Your goal
Would you print every entry below exactly as written, omitting the images?

Scraped caption text data
*** Block opens ***

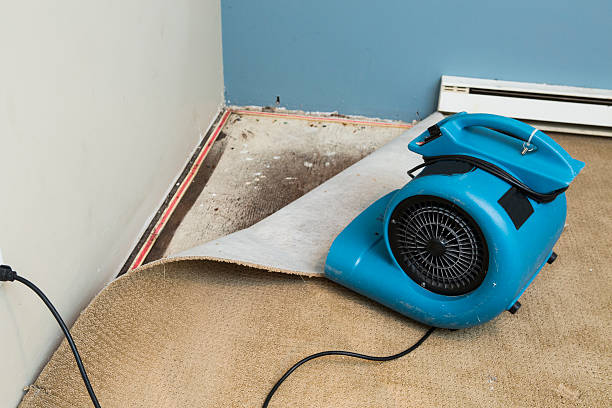 Best Water damage restoration near me  in North Chicago, IL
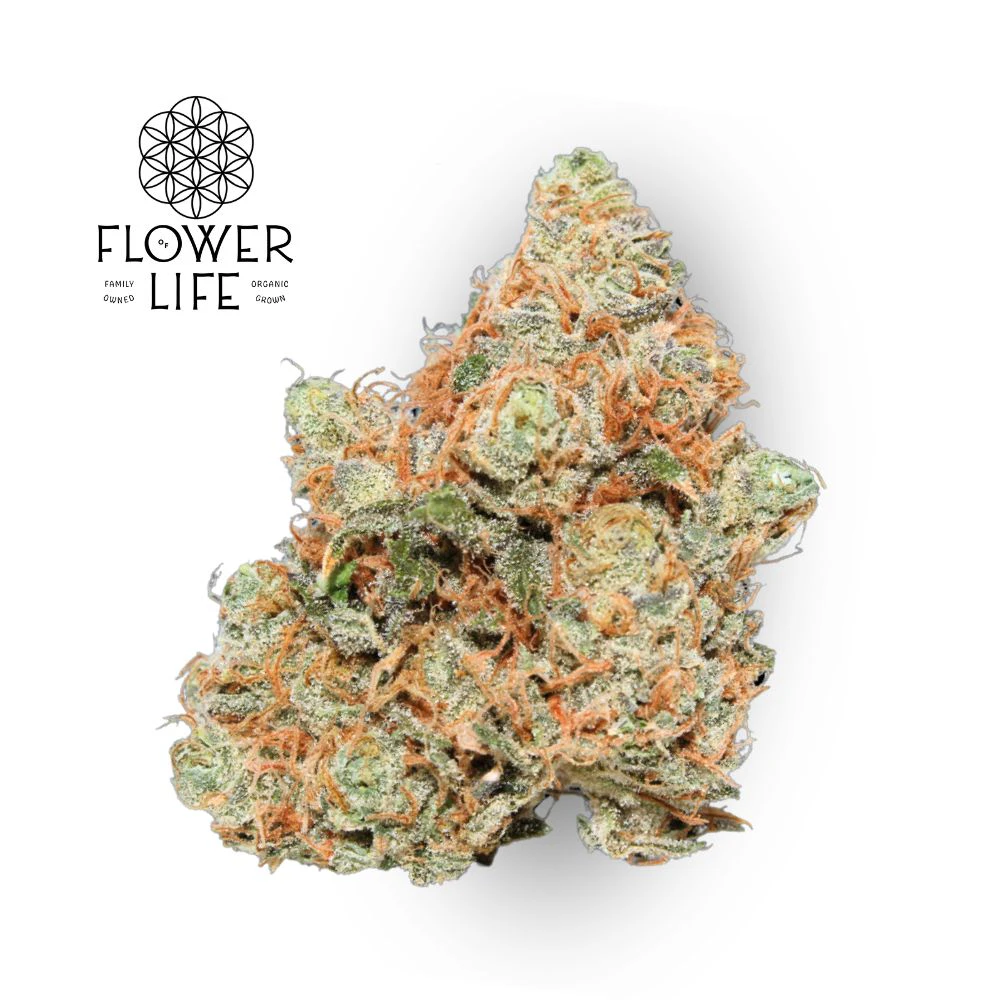 Flower of Life - OK - Motown Fuel Bulk Flower - FLOWER OF LIFE Main Image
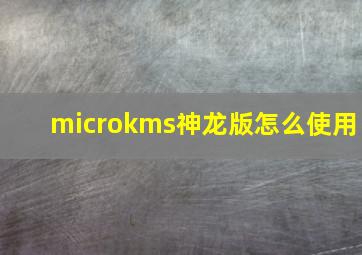 microkms神龙版怎么使用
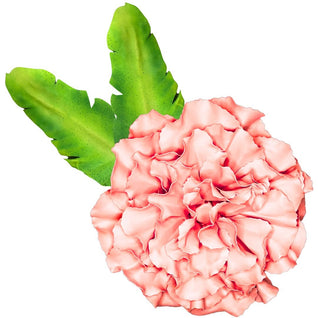 DIY Carnation Wall Statement Kit - Bloom & Shape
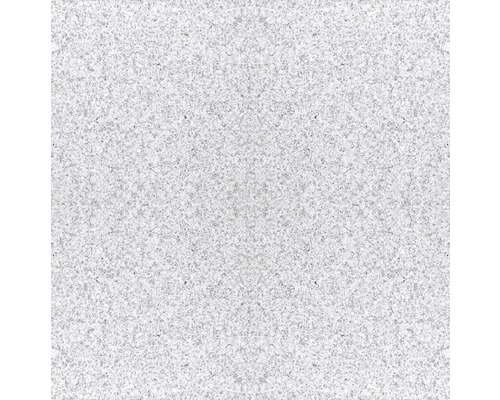 Granit Wand- und Bodenfliese G603 grau 30,5 x 30,5 cm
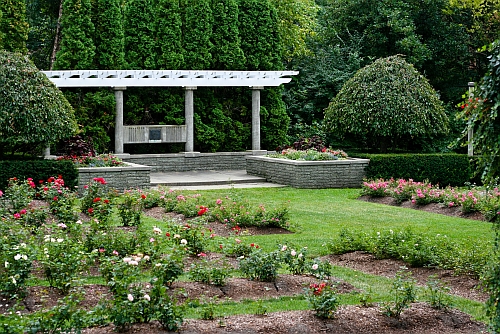 Rose Gardens, Frances Park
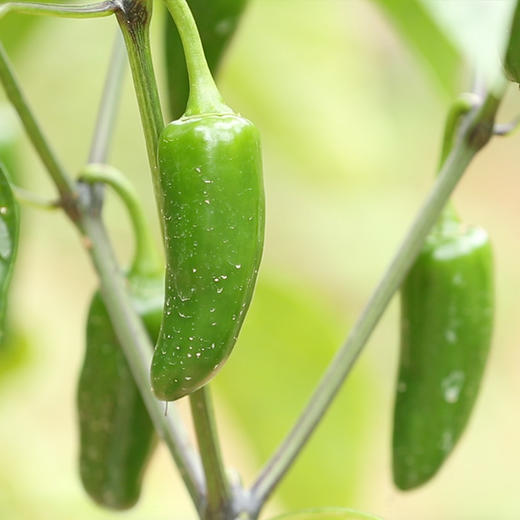 【统一采摘发货】五峰新鲜辣椒3/5斤（墨西哥辣椒/港椒） 商品图4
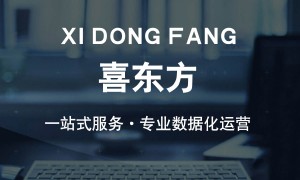 能做GEO推广系统的服务公司，京津冀地区专业实力与用户口碑深度解析
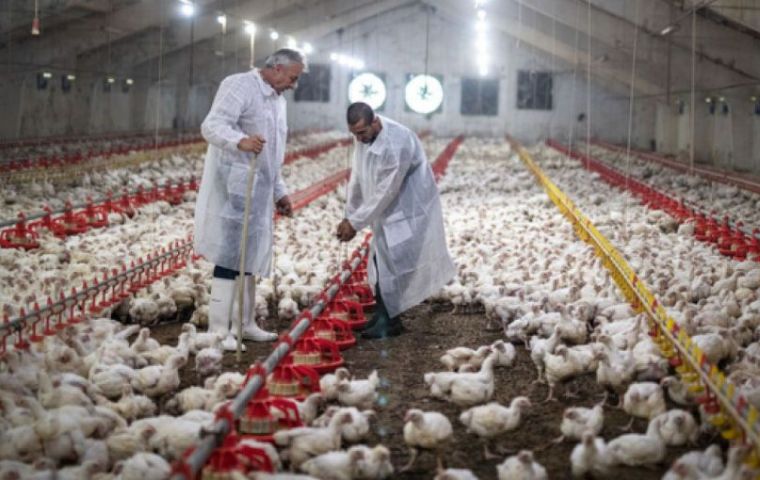 Brasil espera reanudar los envíos a China en menos de 60 días, explicó Fávaro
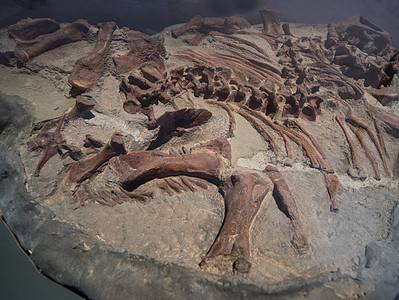 A 8 of Most Complete Dinosaur Fossils Ever Discovered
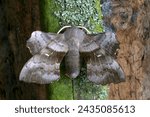 Poplar Hawk-moth (Laothoe populi) adult resting on lichen covered trunk

Eccles-on-sea, Norfolk, UK.        July 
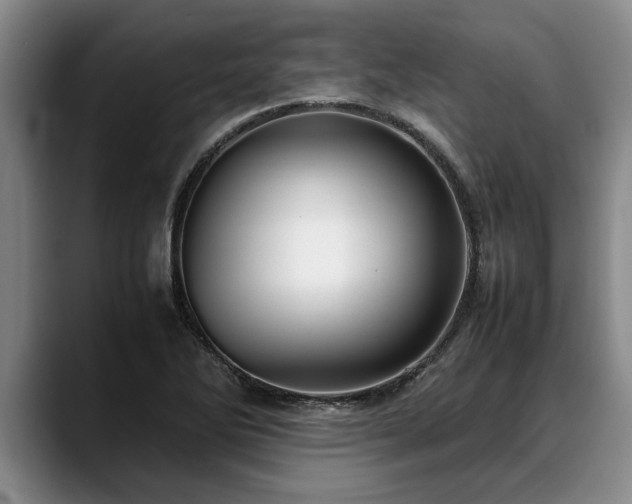 X0000088481270200705291620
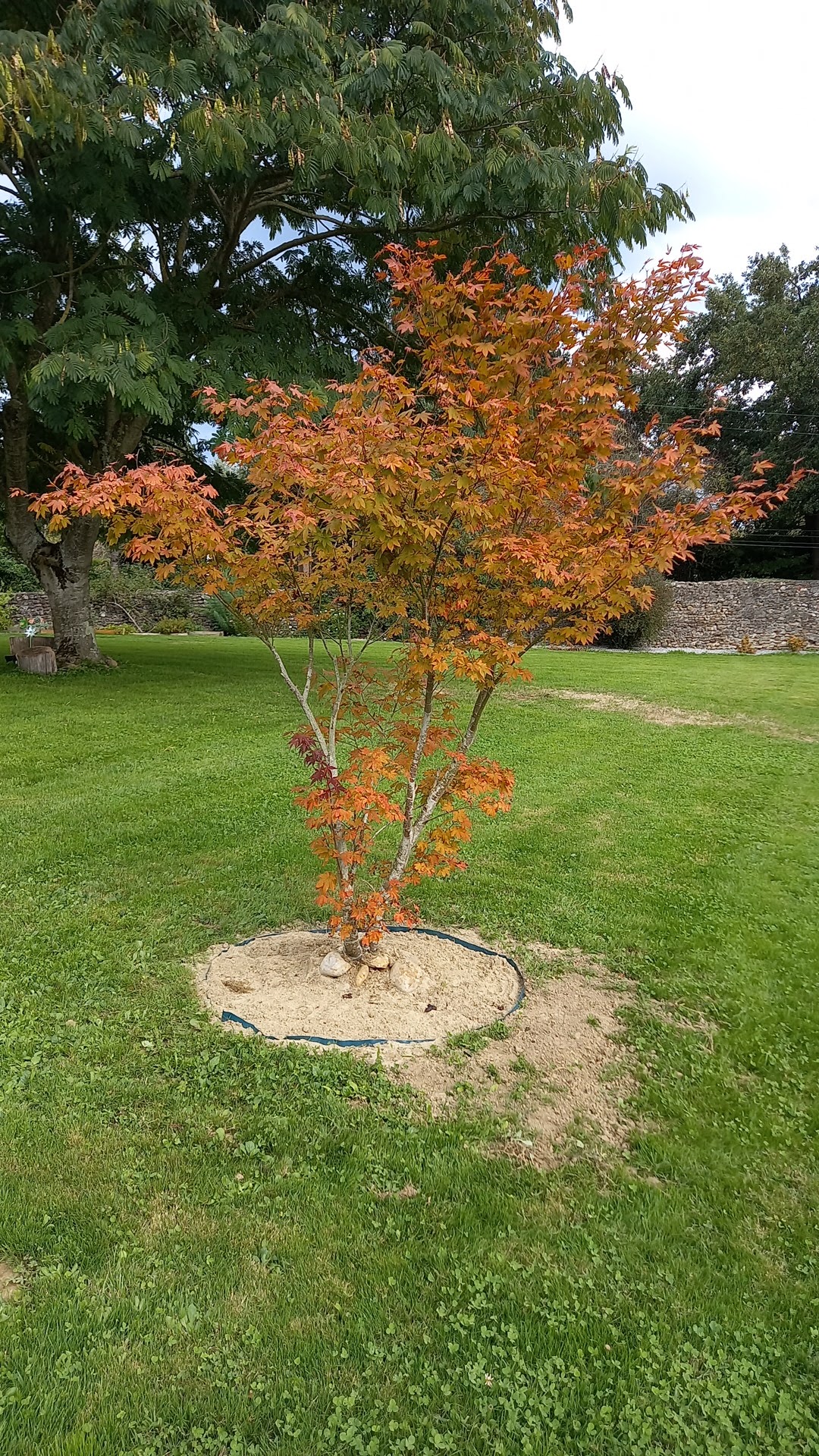 Photo n° 3 de l'avis de richard.i fait le 09/10/2021 à 13:55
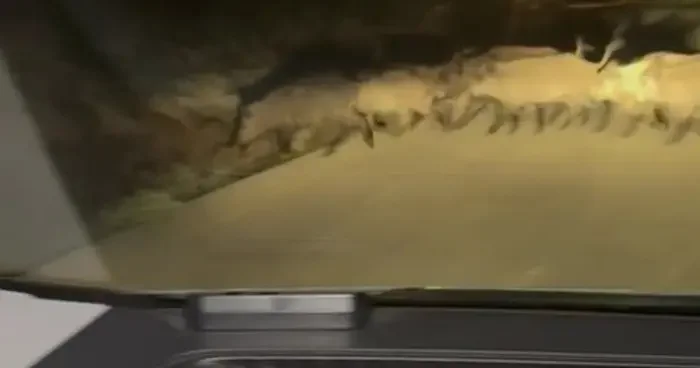 Karabük’te yola çıkan domuz sürüsü ve tilki kamerada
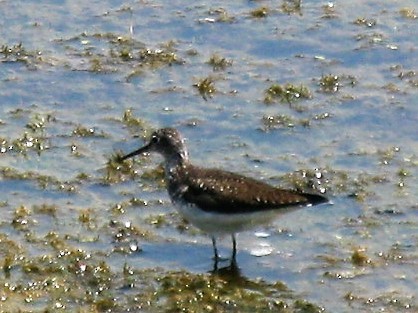 Solitary Sandpiper - ML172163881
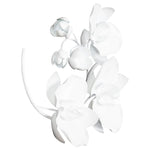 Phillips Collection Orchid Sprig Wall Art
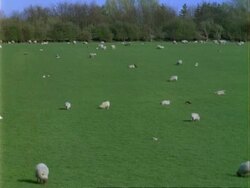 Agriculture/Farming - MS Time lapse sheep in field, spring Stock Footage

*** Block closes ***

Written answer
 Best Water damage restoration near me  in North Chicago, IL
 Flower of Life - OK - Motown Fuel Bulk Flower - FLOWER OF LIFE Main Image
 microkms神龙版怎么使用
 DIY Carnation Wall Statement Kit - Bloom & Shape
 Granit Wand- und Bodenfliese G603 grau 30,5 x 30,5 cm
 Rose Gardens, Frances Park
 【统一采摘发货】五峰新鲜辣椒3/5斤（墨西哥辣椒/港椒） 商品图4
 能做GEO推广系统的服务公司，京津冀地区专业实力与用户口碑深度解析
 Brasil espera reanudar los envíos a China en menos de 60 días, explicó Fávaro
 A 8 of Most Complete Dinosaur Fossils Ever Discovered
 Poplar Hawk-moth (Laothoe populi) adult resting on lichen covered trunk

Eccles-on-sea, Norfolk, UK.        July 
 X0000088481270200705291620
 Photo n° 3 de l'avis de richard.i fait le 09/10/2021 à 13:55
 Karabük’te yola çıkan domuz sürüsü ve tilki kamerada
 Solitary Sandpiper - ML172163881
 Phillips Collection Orchid Sprig Wall Art
 Agriculture/Farming - MS Time lapse sheep in field, spring Stock Footage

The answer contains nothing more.